=== Stored data ===
------------

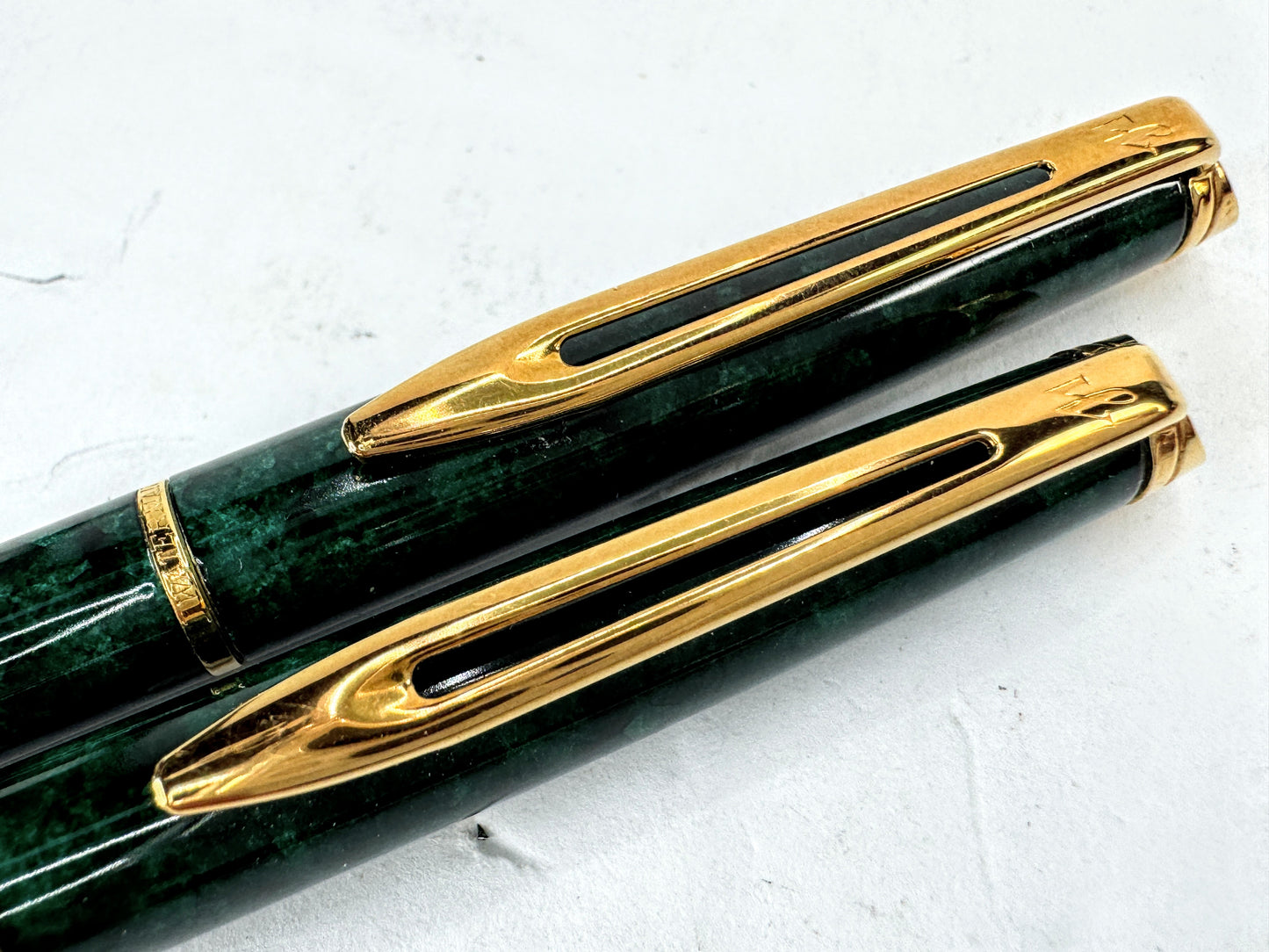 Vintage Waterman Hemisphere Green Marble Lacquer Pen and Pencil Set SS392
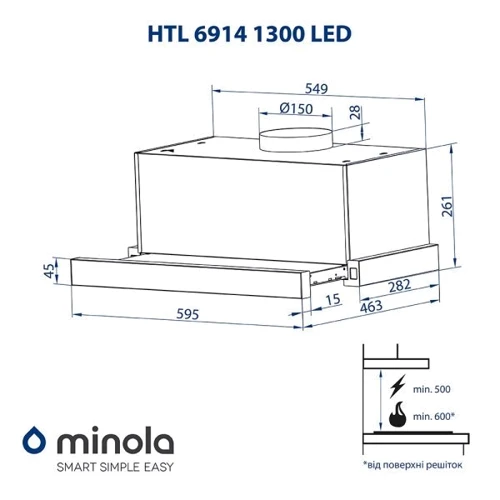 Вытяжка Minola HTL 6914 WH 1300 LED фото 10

------------

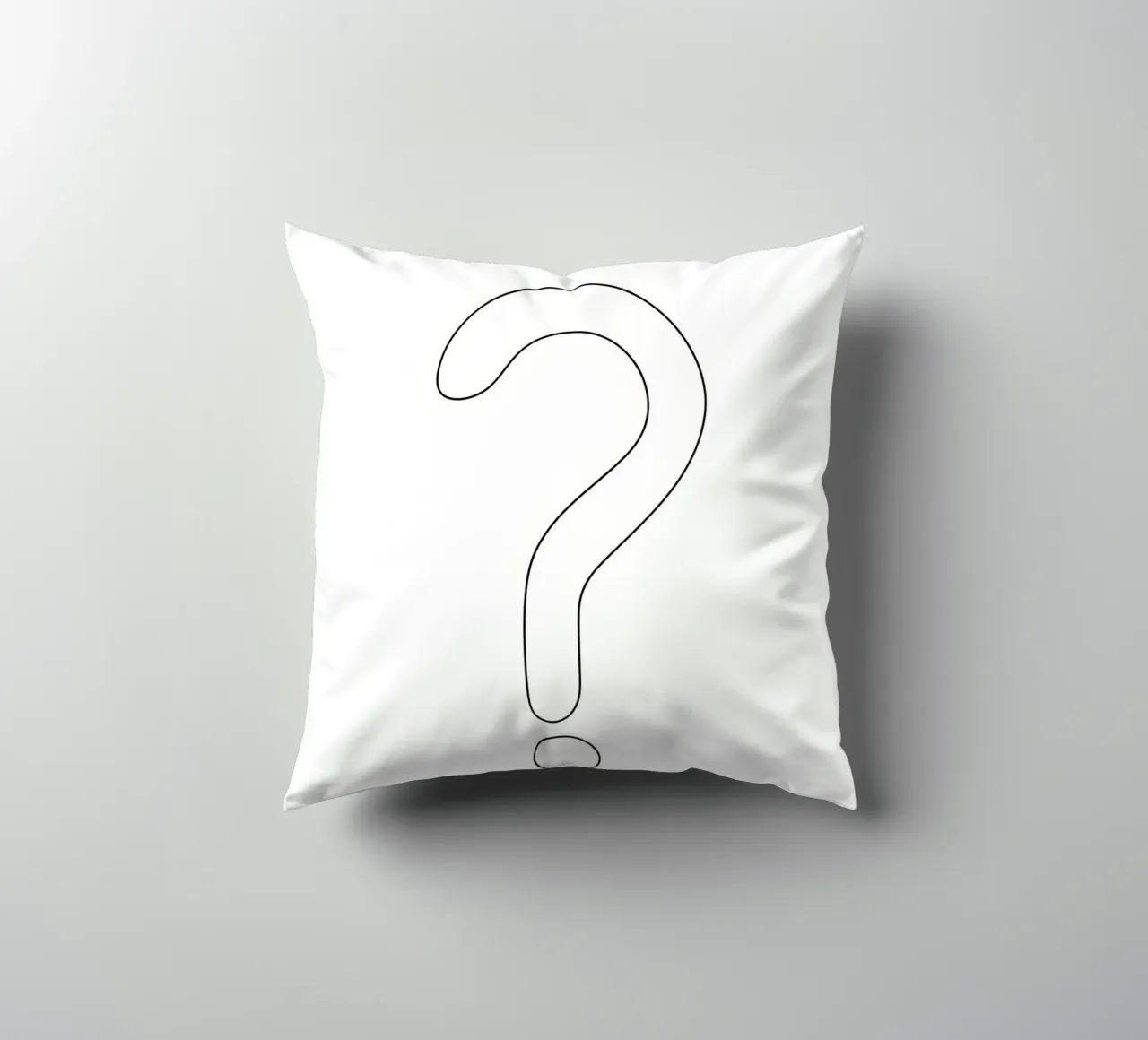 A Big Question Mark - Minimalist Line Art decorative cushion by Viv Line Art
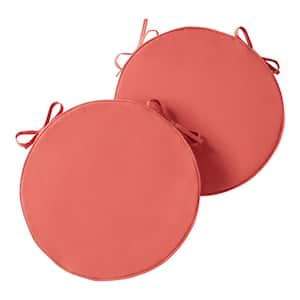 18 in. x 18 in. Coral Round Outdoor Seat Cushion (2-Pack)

------------

=== Work to be completed ===
Above is the material; set down exactly its lines from the one containing "Vintage Waterman Hemisphere" down to the one containing "Вытяжка Minola HTL 6914 WH 1300 LED фото 10", both included, leaving out any pictures.

=== Exercise result ===
 Vintage Waterman Hemisphere Green Marble Lacquer Pen and Pencil Set SS392
 Вытяжка Minola HTL 6914 WH 1300 LED фото 10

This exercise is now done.